PamiÄtnik-M
Mam problem z pracą sinlika na biegu jawłowym, trzeba ze dwa razy zapalać silniki bo za piwrwszym razem zaraz gasnie, pozniej jest roznie czasem ladnie trzyma obroty 900-1000, a czasem sobie gasnie. Regulowałem już obroty na reduktorze ale jakby nie dało sie dac juz wyższych. Zastanawiałem się czy przypadkiem nie trzeba zmienić przewodów na nowe. Wczesniej mialem z nimi juz problem. Obecnie mam 3 stare zalozone i jeden nowy. Jakie polecaliscie by, tylko w rozsadnej cenie. Chyba ze ktos ma pomysl czemu tak sie dzieje.
Sprawdz czy wogole jest iskra na swiece. Przewody mozesz sam sprawdzic czy nie przebijaja, wez bytelke po np płynie do szyb i wlej do niej wode, odpal silnik i jak bedzie chodzil na jalowym rozpyl mgielke na przewody. Jezeli zobaczysz iskry znaczy ze przewody maja przebicie i trzeba nowe kupic.
Co do przewodow to ja mam Janmora bo byly najtansze
Chciałem NGK ale były p 350zł
xxx
Gaśnie jak stoisz, czy gaśnie jak dojeżdżasz do skrzyżowania?
marek mleko, jaka to różnica? Poważnie pytam.
Ja podobnie miałem gasł na wolnych czasami ale tylko do momentu gdy chwycił tęperature. Po wymianie świec, kabli, i kopułki już nie mam takiego problemu (wszystko z boscha 200zł około bo już nie pamiętam) A tak na marginesie to kable powinno się wymieniać co 20000-30000 żeby było wszystko ok.
Kabel jeden mi poleciał w tamtym roku więc kupiłem nowe, tylko jakieś do d... bo zaraz jeden sie zepsuł i dlatego założyłem stare oprócz jednego. Gaśnie mi jak zapale, musze z 2-3 razy zapalac zeby trzymal jakos ledwo obroty. Starszy mi powiedzial ze przewody dochodzace podajze do wtrysku tak mi sie zdaje maja przebicie bo czasem iskrza, mozliwe to?
El, jak gasnie po wrzuceniu na luz na gazie, to znaczy dostaje za duzo powietrza.
I w takim przypadku na postoju nie gasnie.
Ale jak bedziesz dojezdzal do skrzyzowania na luzie, to juz zgasnac ma prawo (jak jest zle wyregulowany)
na postoju tez gasnie, wiec za duzo powietrza nie moze dostac wtedy
marek mleko, jaka to różnica?

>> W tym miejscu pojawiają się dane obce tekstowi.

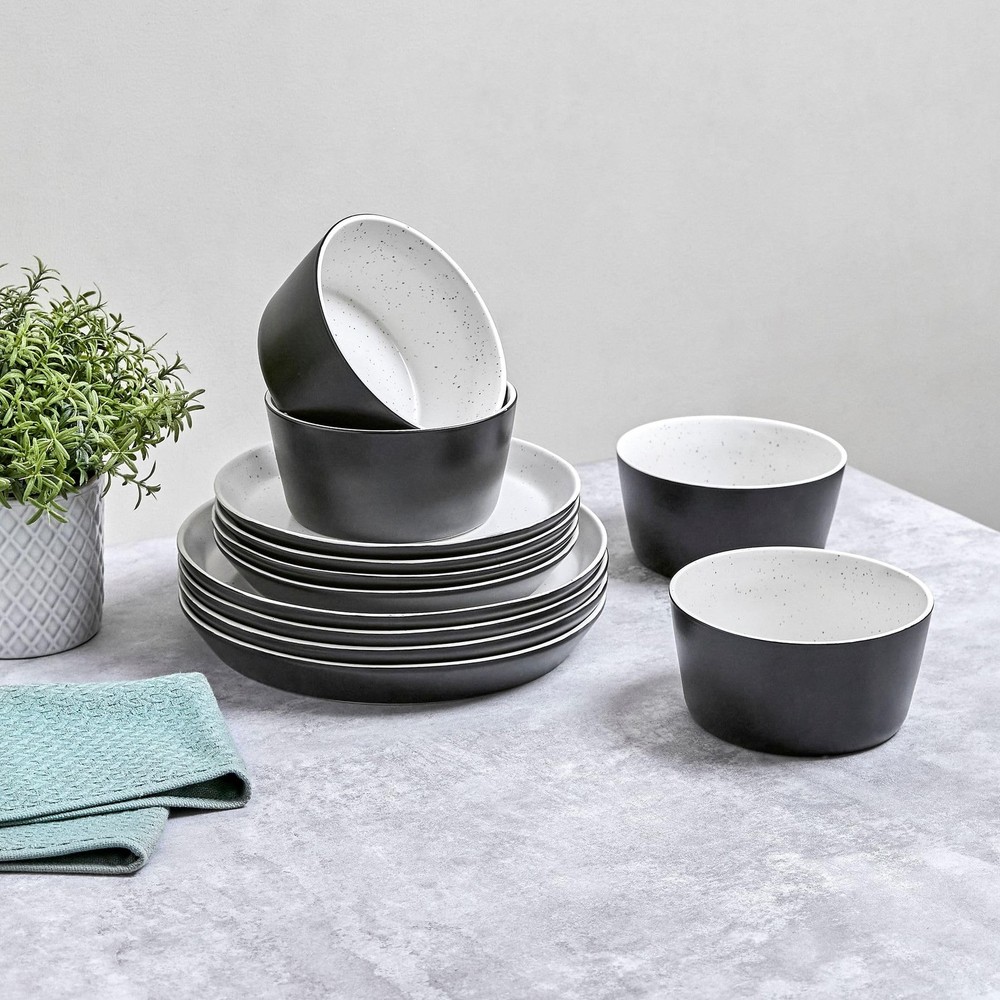 Sango 12-Piece Stoneware Dinnerware Set for 4, Modern 12-Piece, Black/White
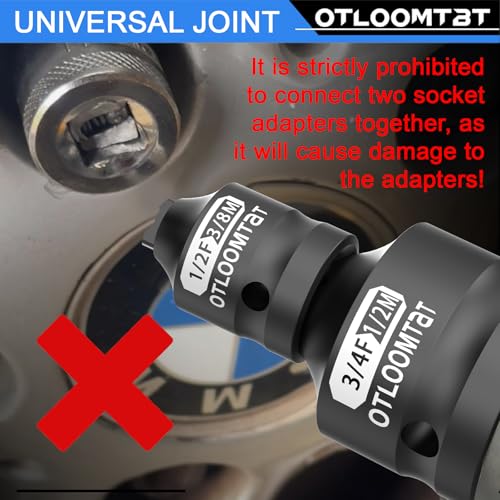 OTLOOMTBT 11PCS Impact Socket Adapter Set & Swivel Socket Set - Chrome Moly Steel, Full Size Adapters (1/4 to 1） with Spring Ball Detent, Drop-Proof Eco Case for Impact Drivers & DIY Mechanics - Image 5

Poważnie pytam.
jesli masz juz parownik do d..y wel gdy masz wlotem bocznym (sa ich dwa) w strone napływu powietrza ma prawo sgasnac ci auto gdyz gaz jest cofany na membrany i wtedy przestaje "płynac" czasami membrany sa juz tak zasyfione w parowniku ze gdy np skrecasz w lewo(gdy parownik znajduje sie po lewej stronie komory silnika zamontowany prostopadle do komory grodziowej) wtedy nastepuje zwarcie sie membrany i auto tez gasnie. to tak po krótce..długo by tłumaczyc..
dalej mam problem z gasnieciem auta i na benzynie i na gazie, ale tylko wtedy jak zapale, musze przegazowac go 20 sekund gdzies i dalej jest juz wszytko ok. co to moze byc, mechanik mi powiedzial ze albo czujnik temperatury albo silnik krokowy? dodam ze kopulke mam nowa i kable tez sa ok bo juz dwa komplety sprawdzalem.